● **Data provided**:
§

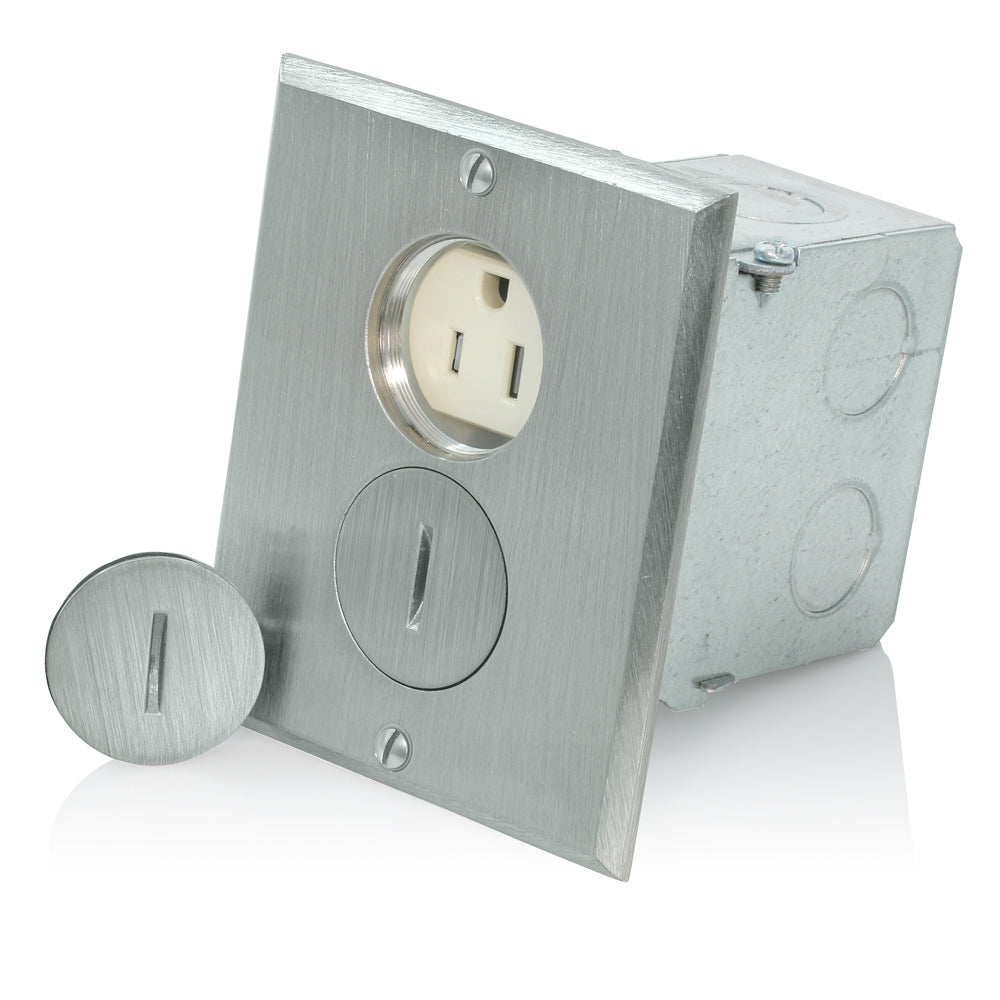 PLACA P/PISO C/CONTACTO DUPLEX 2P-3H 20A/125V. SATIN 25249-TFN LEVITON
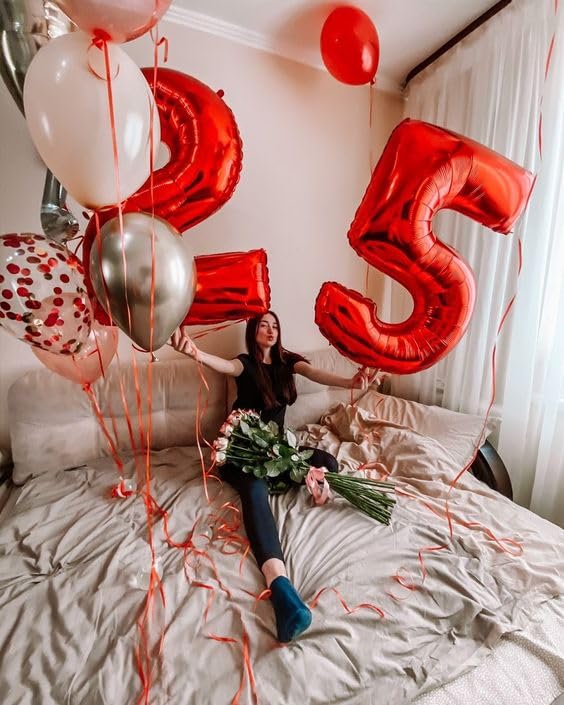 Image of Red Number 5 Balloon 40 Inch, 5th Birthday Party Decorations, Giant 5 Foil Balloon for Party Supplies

§

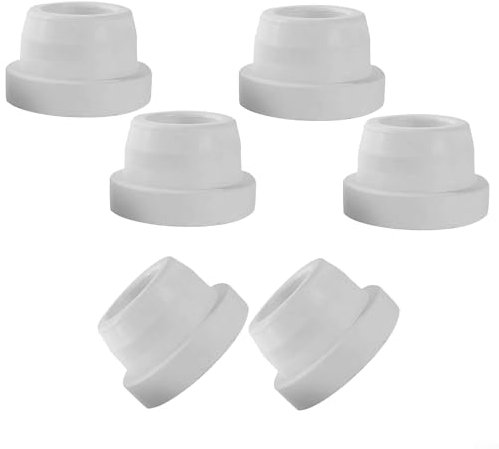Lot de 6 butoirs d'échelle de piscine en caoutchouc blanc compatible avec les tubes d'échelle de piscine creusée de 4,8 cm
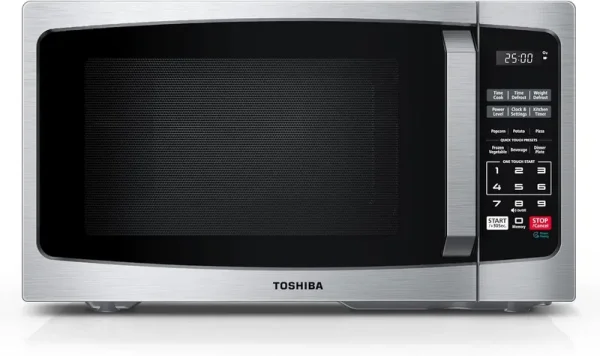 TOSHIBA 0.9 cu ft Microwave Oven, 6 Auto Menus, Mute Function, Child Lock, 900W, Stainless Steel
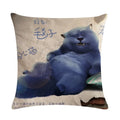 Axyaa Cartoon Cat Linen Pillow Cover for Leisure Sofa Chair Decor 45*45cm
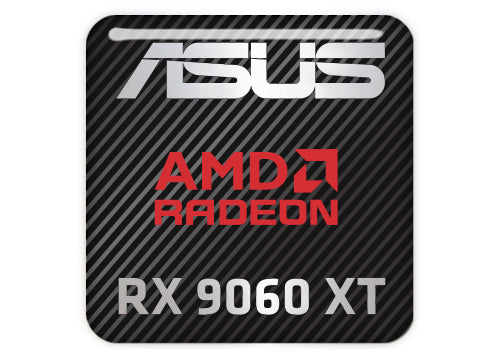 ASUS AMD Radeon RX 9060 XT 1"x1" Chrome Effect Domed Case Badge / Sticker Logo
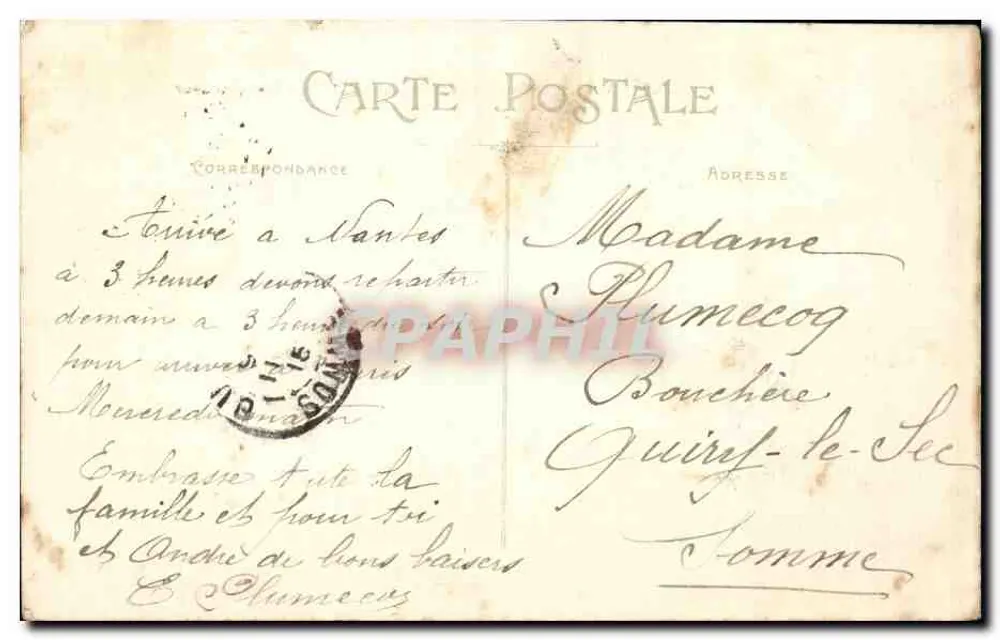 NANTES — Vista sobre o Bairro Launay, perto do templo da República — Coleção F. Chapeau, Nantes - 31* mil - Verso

§

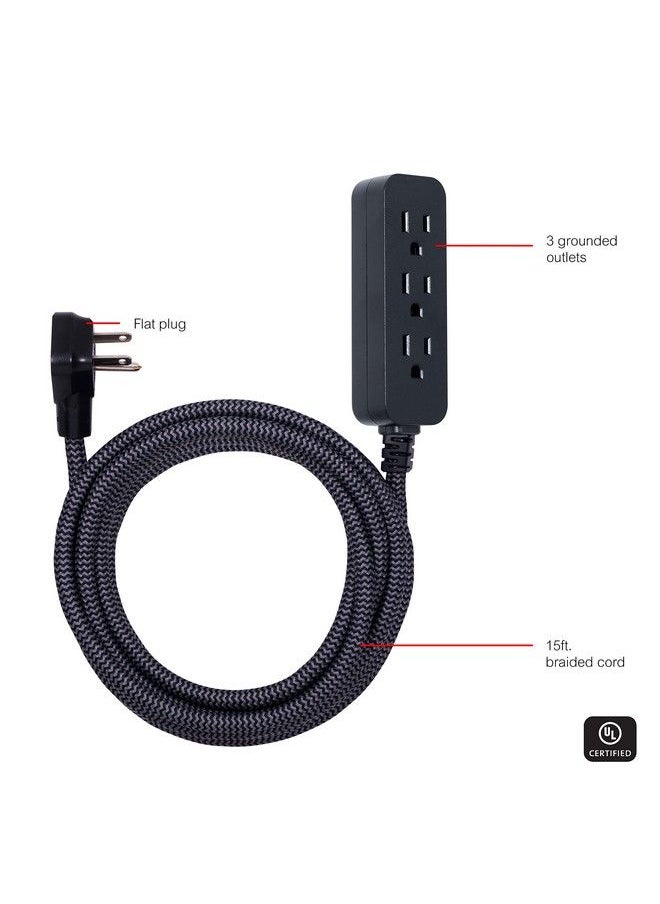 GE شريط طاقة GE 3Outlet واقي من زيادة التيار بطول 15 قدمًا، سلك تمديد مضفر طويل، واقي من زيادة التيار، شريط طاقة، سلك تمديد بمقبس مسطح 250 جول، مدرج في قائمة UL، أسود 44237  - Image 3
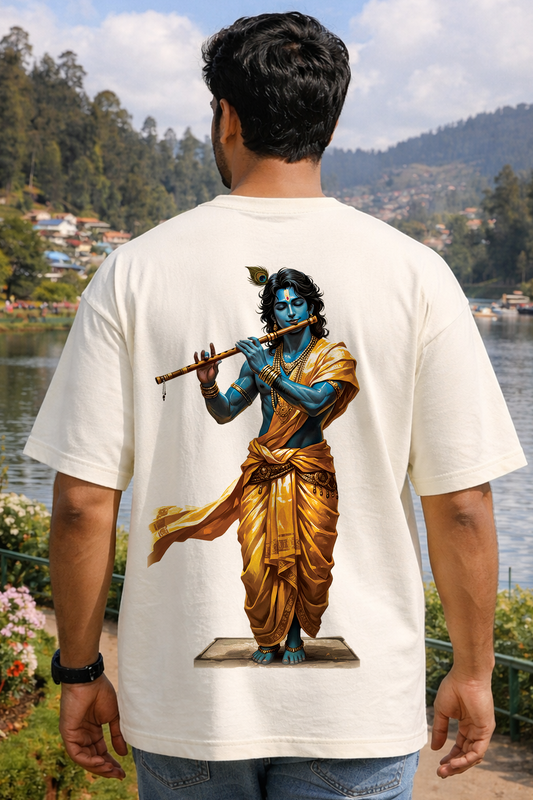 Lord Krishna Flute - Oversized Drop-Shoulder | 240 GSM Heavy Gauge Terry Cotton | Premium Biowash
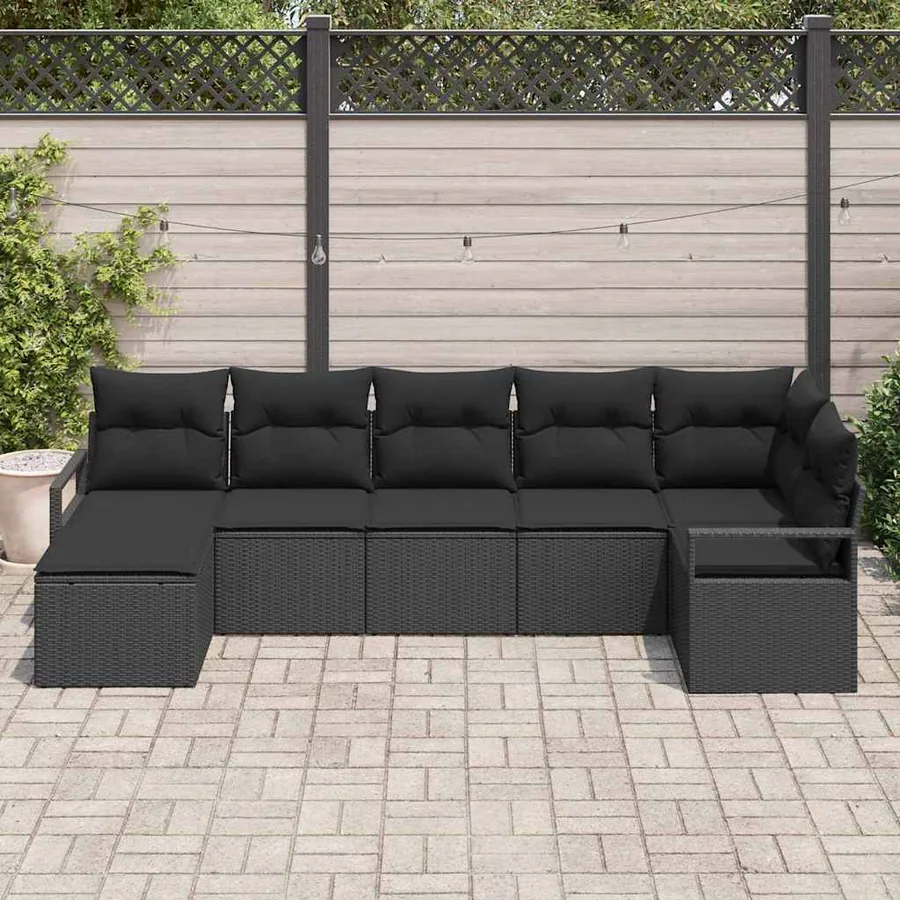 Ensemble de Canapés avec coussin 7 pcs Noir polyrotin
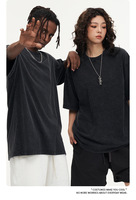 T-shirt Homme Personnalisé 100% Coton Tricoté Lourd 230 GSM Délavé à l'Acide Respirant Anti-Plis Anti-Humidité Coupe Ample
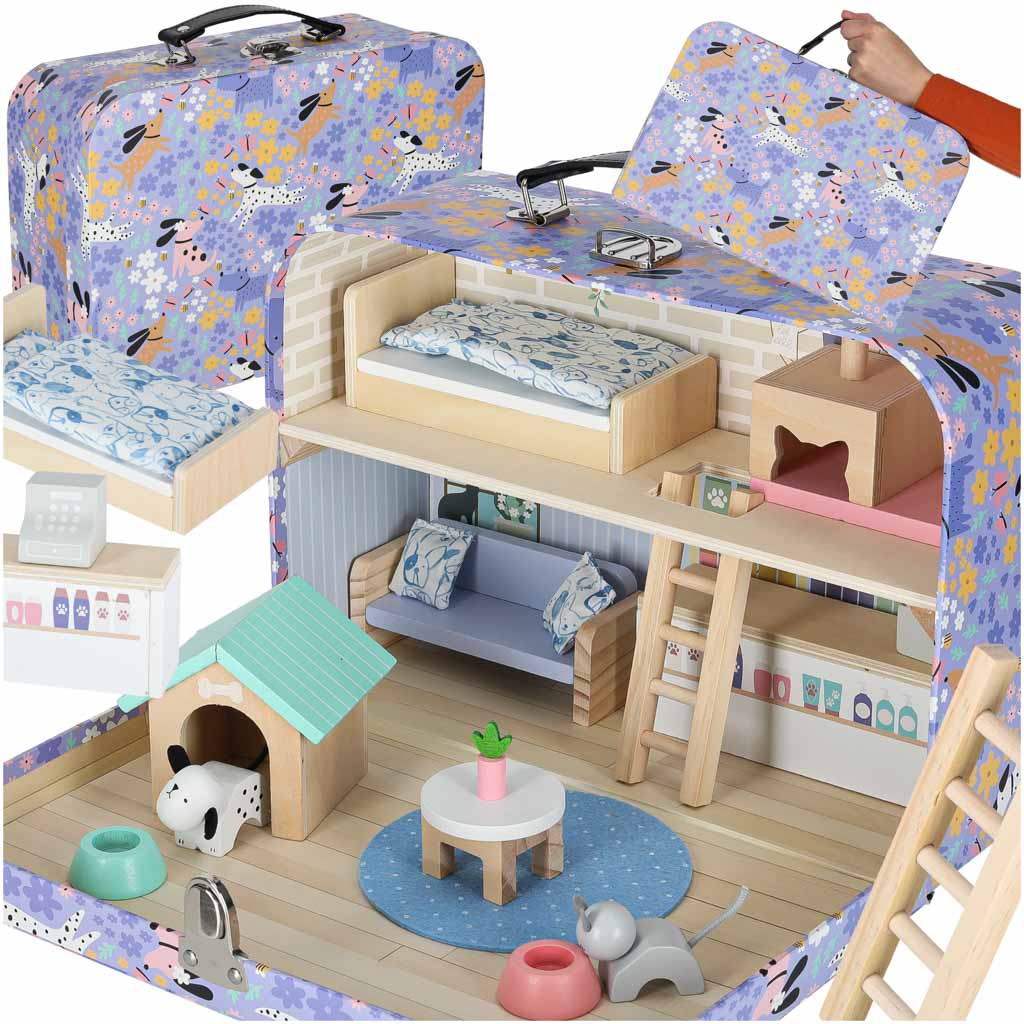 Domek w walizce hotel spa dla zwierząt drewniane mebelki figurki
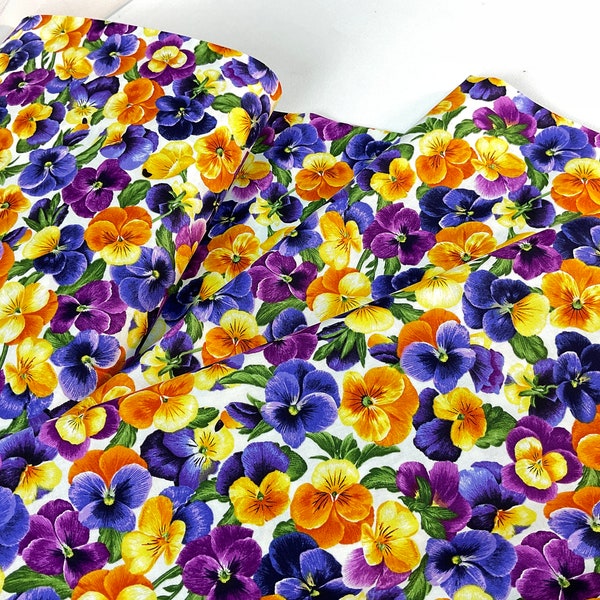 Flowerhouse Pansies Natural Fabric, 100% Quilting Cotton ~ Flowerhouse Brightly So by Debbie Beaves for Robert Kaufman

§

● **Task details**: Respond with the exact lines above running from the one containing "TOSHIBA 0.9 cu" to the one containing "ASUS AMD Radeon", both ends kept and no pictures included.

● **Written response**:
 TOSHIBA 0.9 cu ft Microwave Oven, 6 Auto Menus, Mute Function, Child Lock, 900W, Stainless Steel
 Axyaa Cartoon Cat Linen Pillow Cover for Leisure Sofa Chair Decor 45*45cm
 ASUS AMD Radeon RX 9060 XT 1"x1" Chrome Effect Domed Case Badge / Sticker Logo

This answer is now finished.